While an experienced interviewer will include specific questions tailored to the requirements of the position, the below is a good list of general interview questions that interviewers or employers should pose in an interview.
Now that you have heard more about the role, what do you think are the main challenges in this role?
This is a good question to ensure that the candidate has a good understanding of the challenges expected of the role, and he/she leaves the interview with a more balanced and realistic picture of the pluses and minuses of the role or/and the company. By asking this question, you can also assess whether the candidate is keen and willing to assume these challenges.
Why should we hire you?
This is a very useful interview question to ask because it allows you to hear what the candidates think are their differentiating factors that set them apart from other interviewees. Faced with a big stack of cvs some of which tell a similar story, this question can help you ensure that you do not miss out any relevant pointers that the candidate may have. This can then better allow you to determine who are the best few candidates to shortlist.

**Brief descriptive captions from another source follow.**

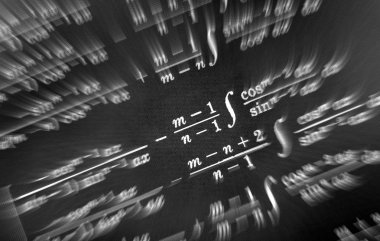 Matematiksel formüller odak çok sayıda siyah bir arka plan üzerinde yakınlaştırma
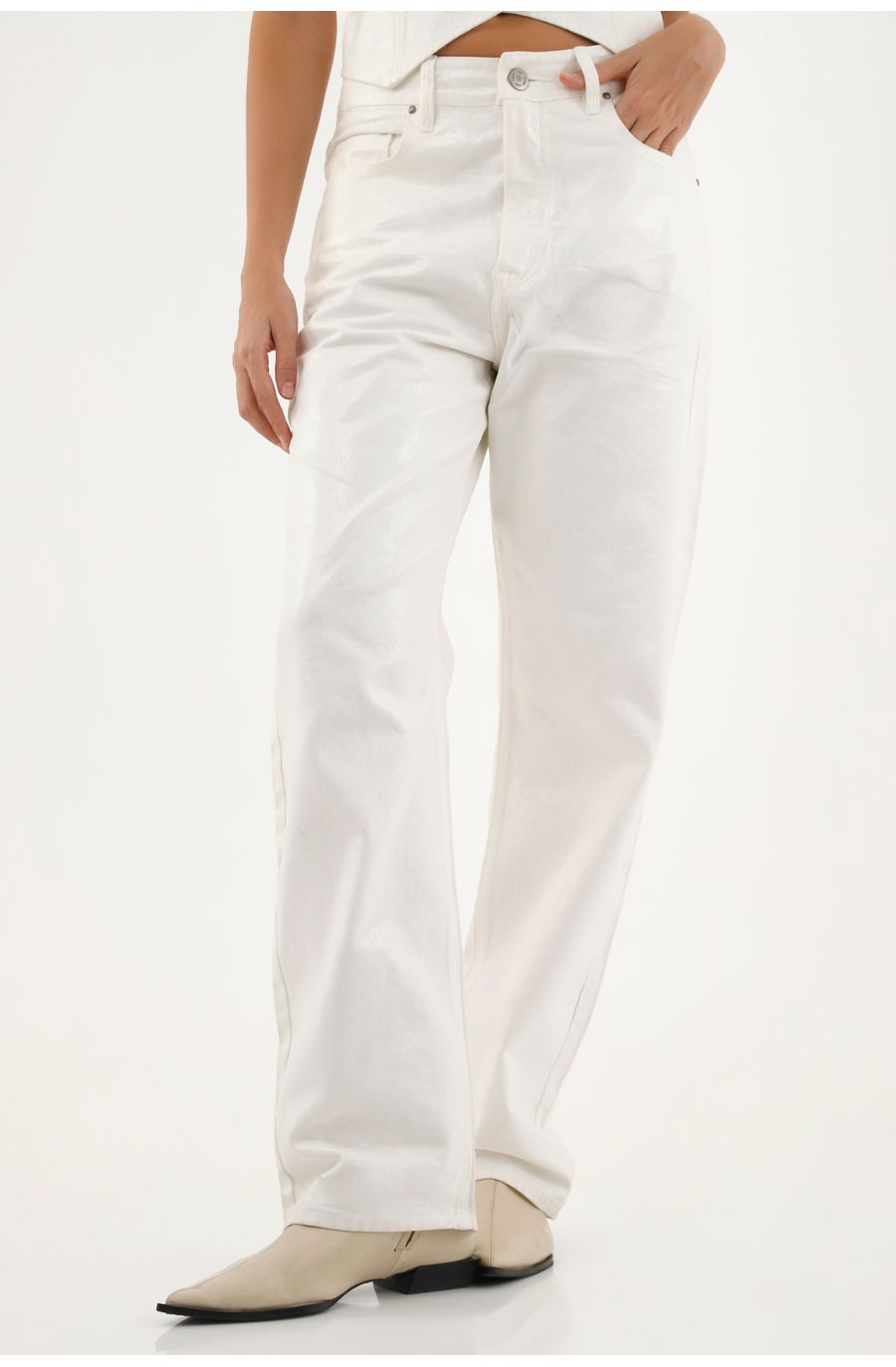 Jean crudo de bota recta para mujer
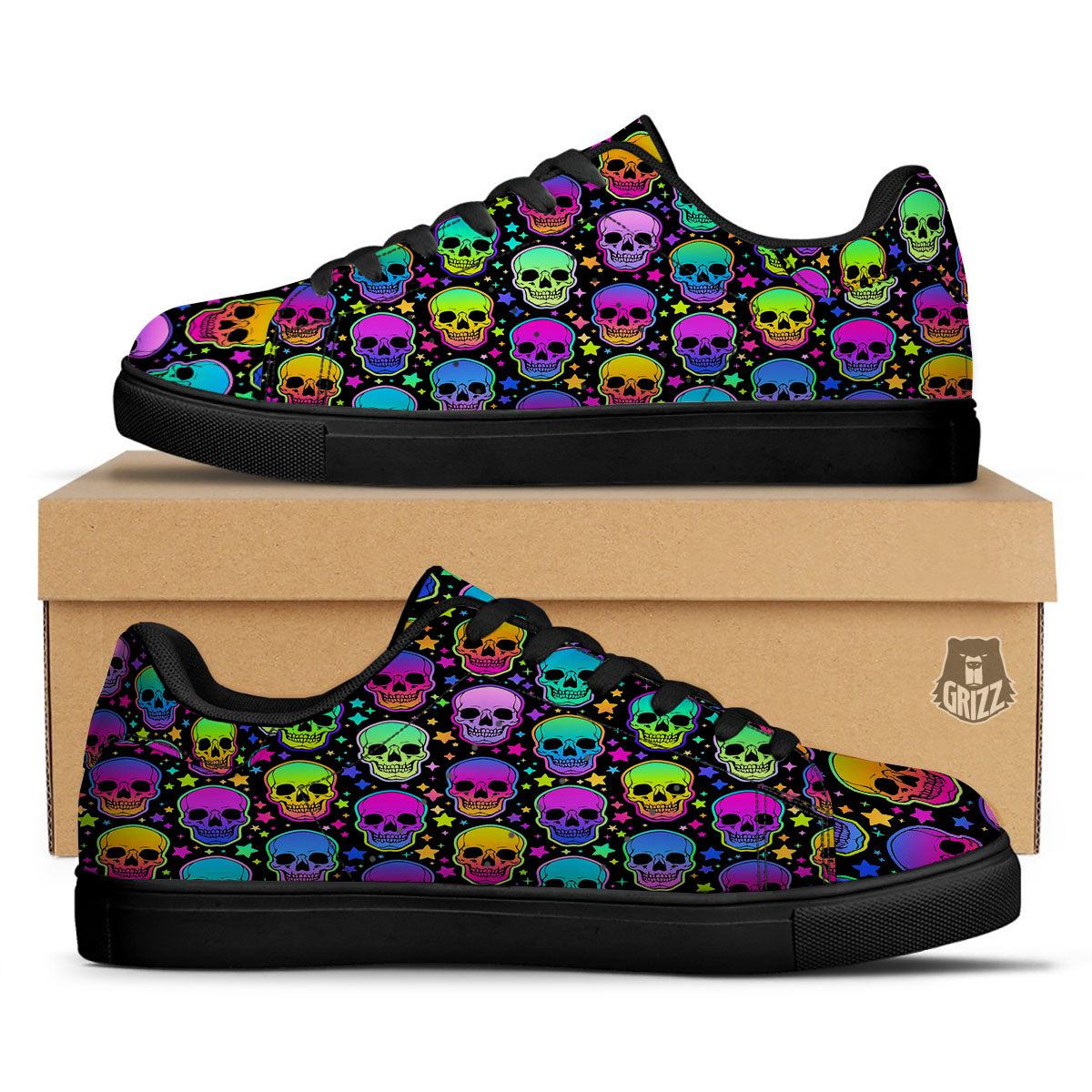 Skull Psychedelic Print Pattern Black Low Top Sneakers-grizzshop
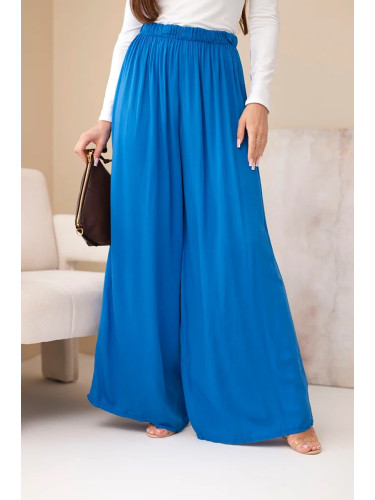 Дамски широки вискозен панталон с еластична талия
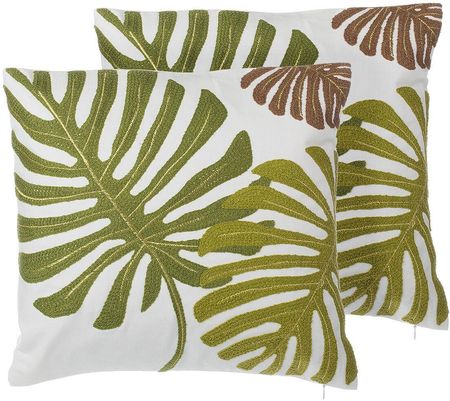 Beliani Zestaw 2 poduszek dekoracyjnych zielony bawełniany wyszywany motyw liścia 45 x 45 cm Zenobia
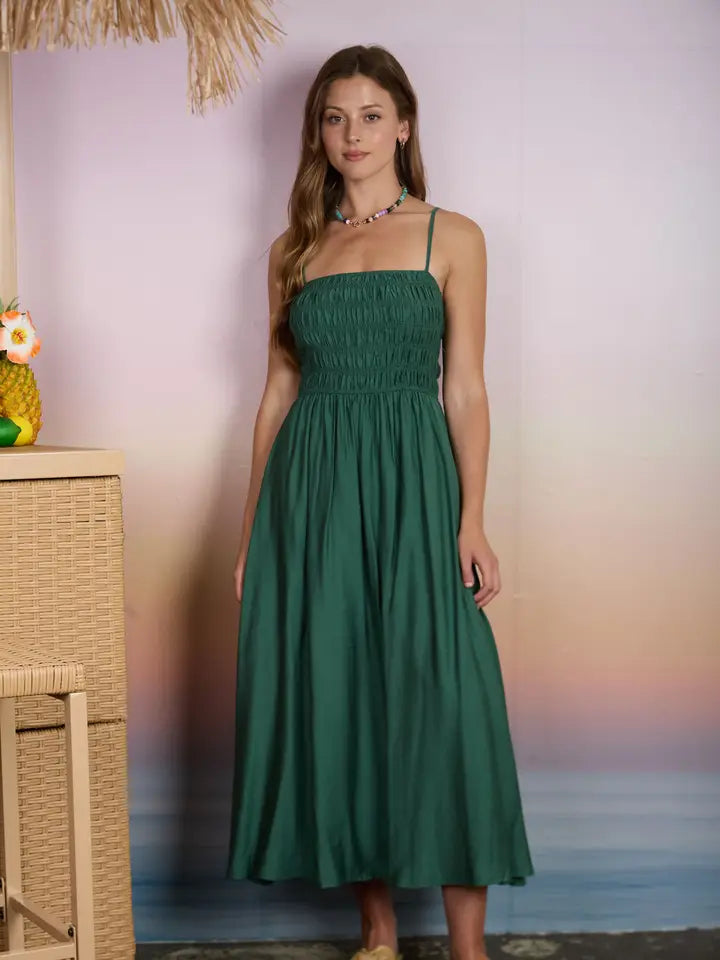 Green Shirred Bodice Spaghetti Strap Midi Dress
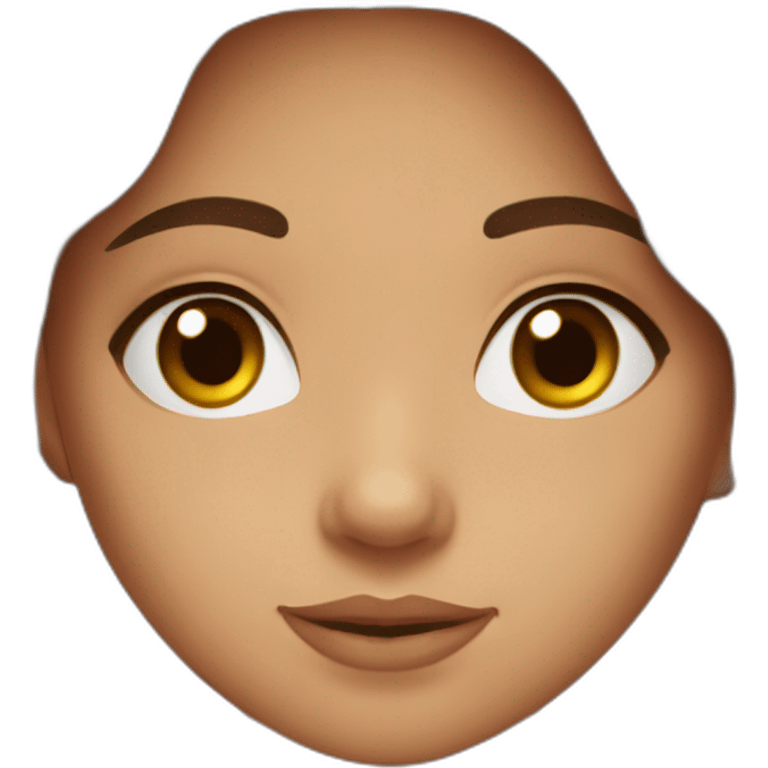 Beautiful Cypriot girl with brown hair and brown eyes and tanned skin emoji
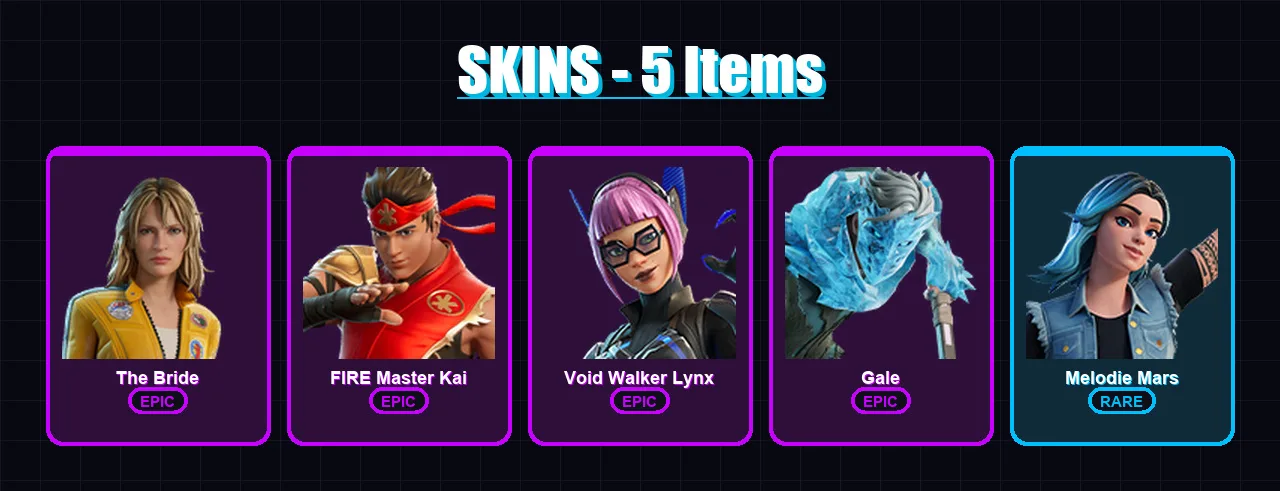 [PC] | The Bride | FIRE Master Kai | Void Walker Lynx | Gale | Melodie Mars | 5 skin | 6 pickaxe | 3 emote | 1 glider | Lv15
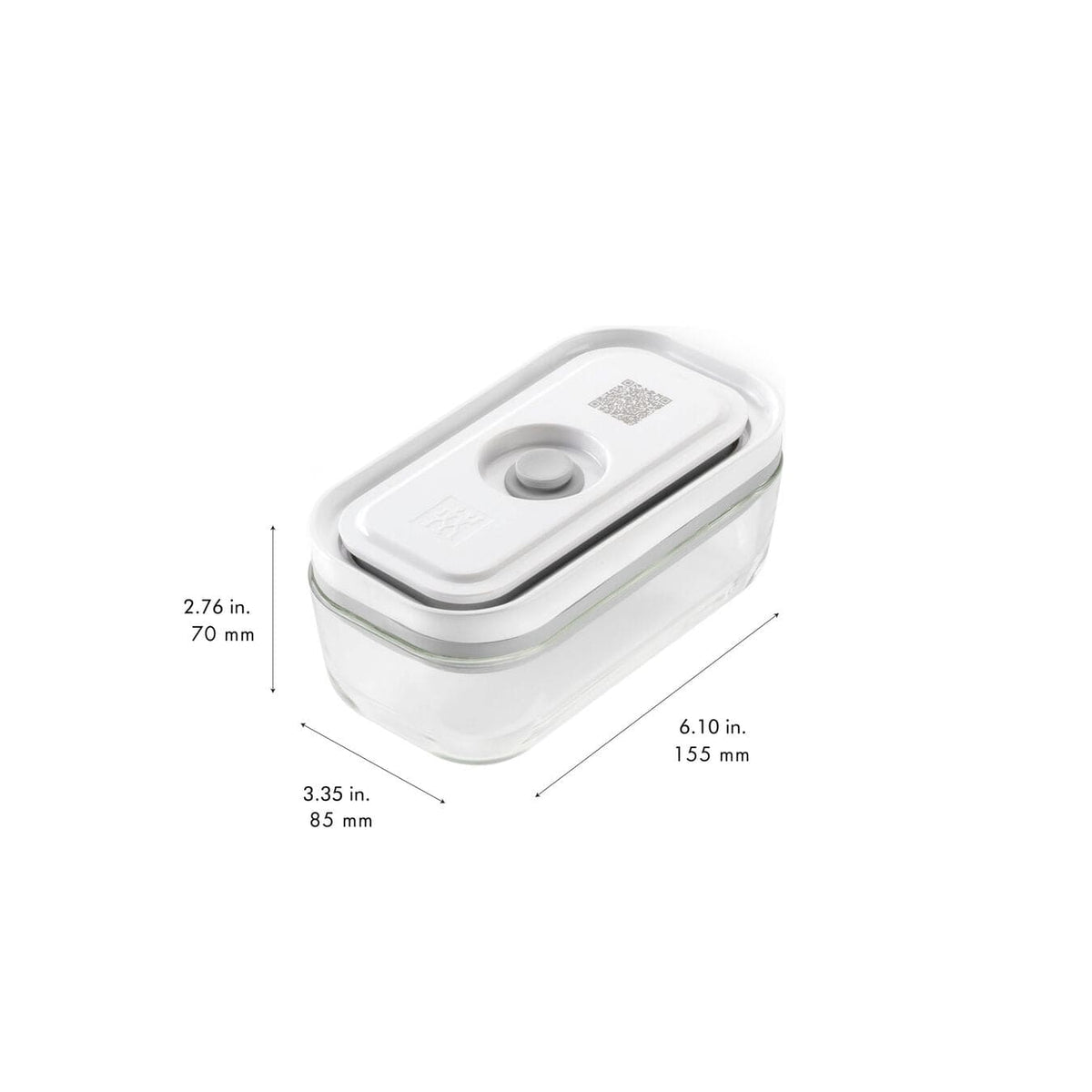 Zwilling Dish Glass Zwilling Fresh & Save Vacuum Glass Container Set Gray Lid 3 Piece (7042126807129)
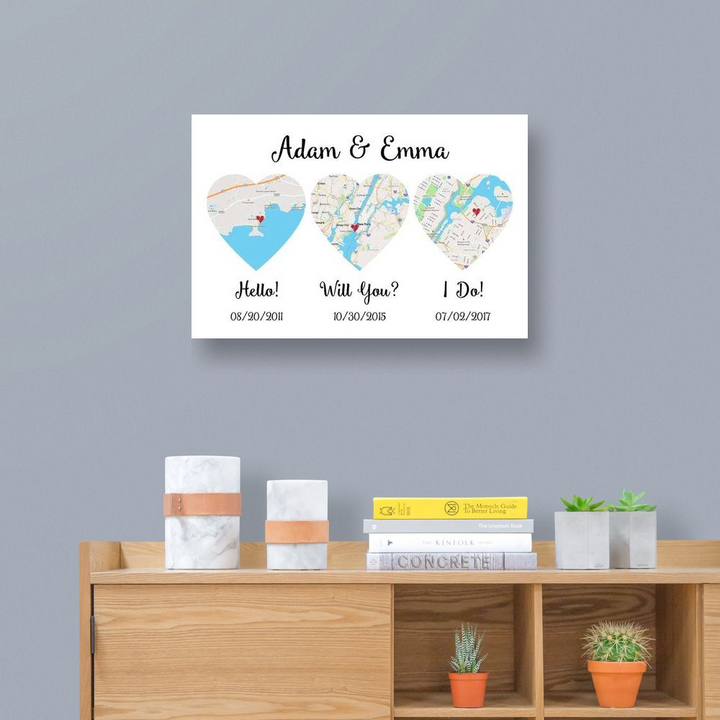 Hello Will You I Do Custom Wall Art – Personalized Poster or Canvas Print, Wedding and Anniversary Gift, Home Décor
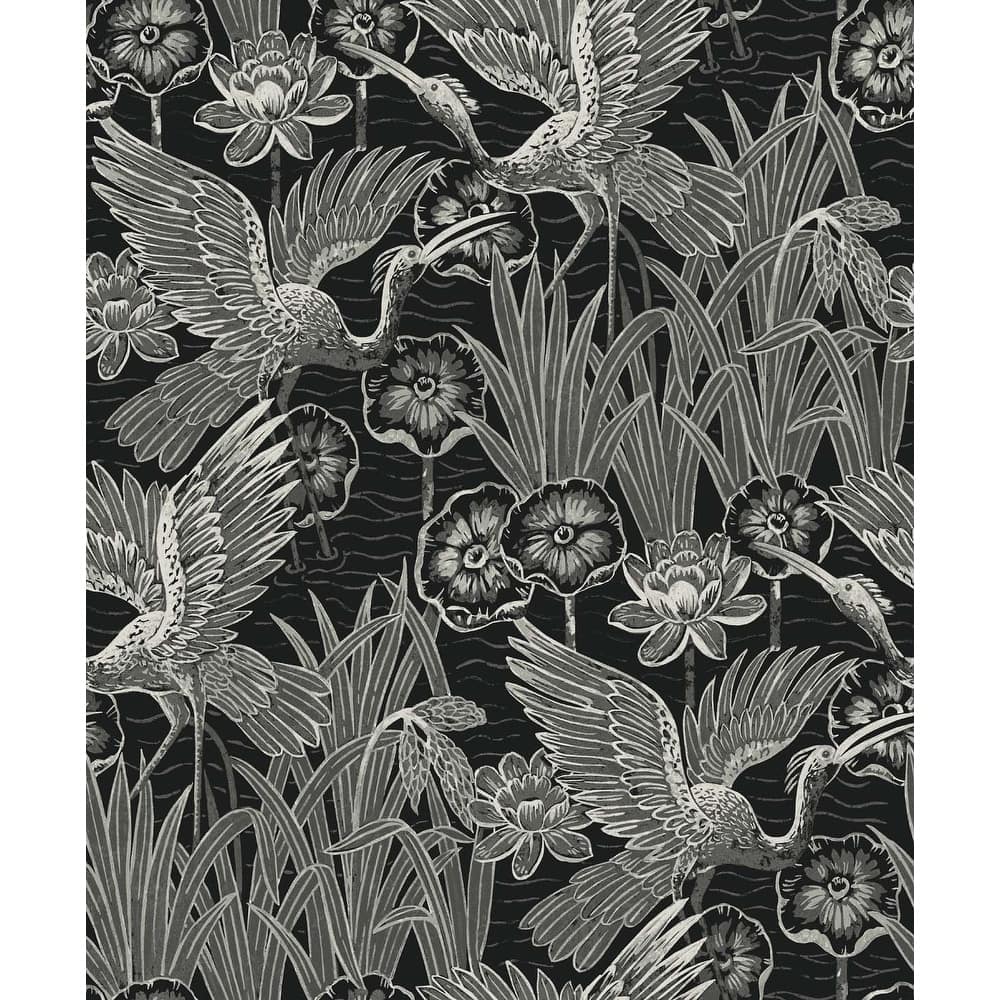 Seabrook Designs Marsh Cranes Nonwoven Unpasted Wallpaper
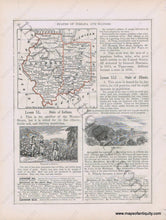 Load image into Gallery viewer, 1848 - State Of Ohio Verso States Indiana And Illinois Antique Map Genuine Printed-Color
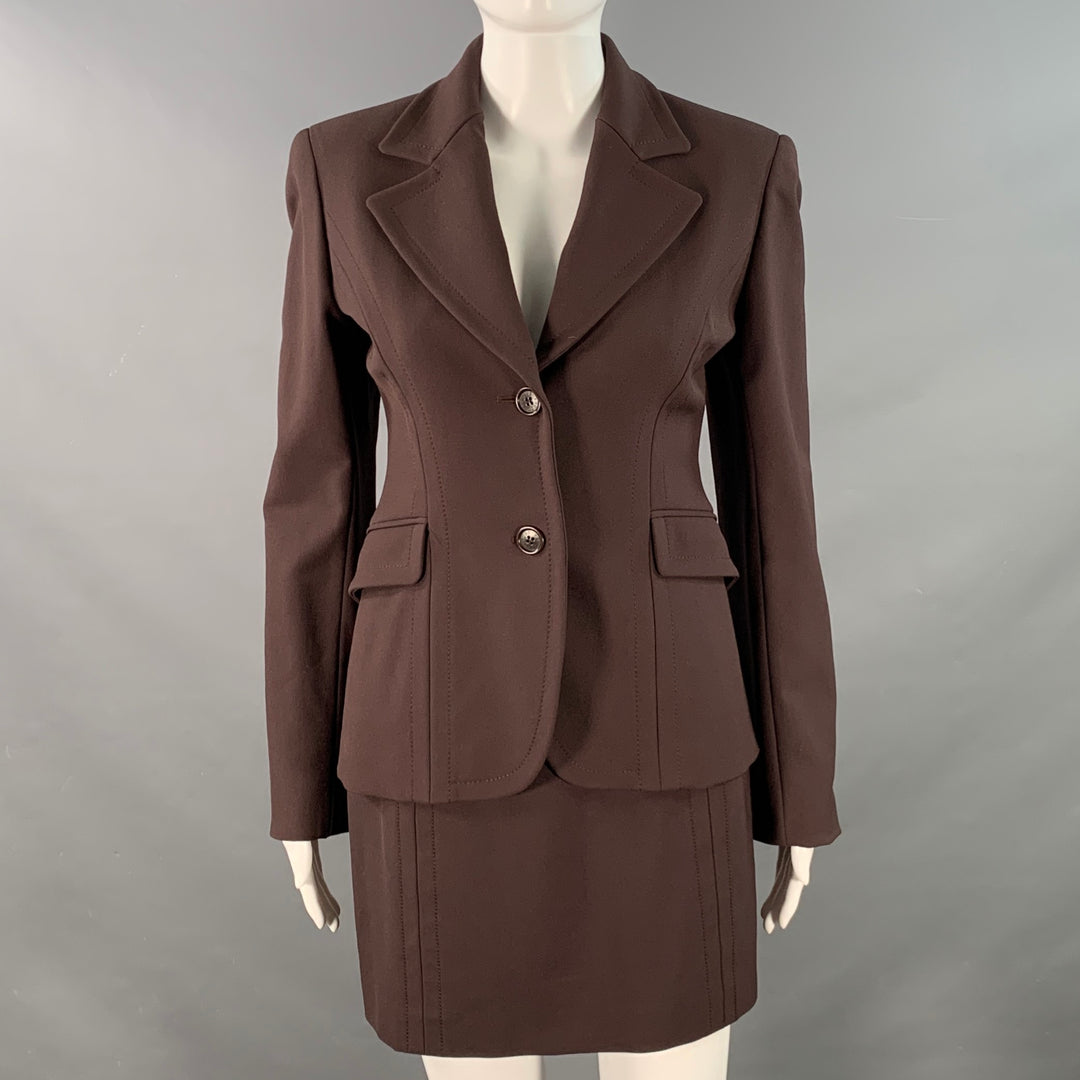 FUTURE OZBEK Size 6 Brown Rayon Blend Single Breasted Blazer Mini Skirt Set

If we contact your last manager and ask which area of your work needs improvement on, what will I learn?
This is a useful question to ask as it gives the candidate an opportunity to offer a candid response, given that we are highlighting that a reference check with an ex manager may be required at the later stage of the interview process.
By knowing the potential weaknesses/shortcomings of the candidate, we are better positioned to assess whether these discussed weaknesses may pose an issue to the candidacy of the candidate for the current role.
Describe the boss who would get the very best work from you.
This is a great question to ask because it allows the interviewer to gain a further insight into the management style, communication style and cultural/team fit that best fits the candidate. This consideration is important as surveys have shown that a most commonly cited reason for employees leaving their job is due to their unhappiness working with their bosses/ managers.
Tell me about what motivates you.
This will allow the interviewer to know the interviewee’s motivations and what drive them, so that these factors can then be assessed against the role or the company to ensure that there is a good fit.
Tell me about a time you set difficult goals. What did you do to achieve them? Walk me through the process and purpose.
This is a great behavioural based question to pose so as to assess whether the candidate is goal oriented and is equipped to handled challenging goals set for them in future. It also assesses whether the candidate is able to articulate their thoughts on the steps and processes they take towards goal setting.
Describe a crisis or the worst mistake you made at work. What was your role? How did you resolve it? What were the results?
This is another example of a behavioural based question that can be ask so that you can hear about some real life examples of recent events /situations which required the candidate to take certain cause of actions.
Are you now attending other interviews? If so, which stage of interviews are you at? Are you expecting an offer to come your way in the coming weeks?
This is a great question to suss out on whether they are a passive job seeker or an active job seeker who is urgently looking out for roles. By asking the stages of interviews that they are attending, you gain a better idea of the timeline/deadline that the candidate may face regarding his/ her decision making on pending offers. This info is very important especially if you are keen on the candidate and may need to speed up your interview process to ensure that you do not lose the candidate before he/she accepts another offer.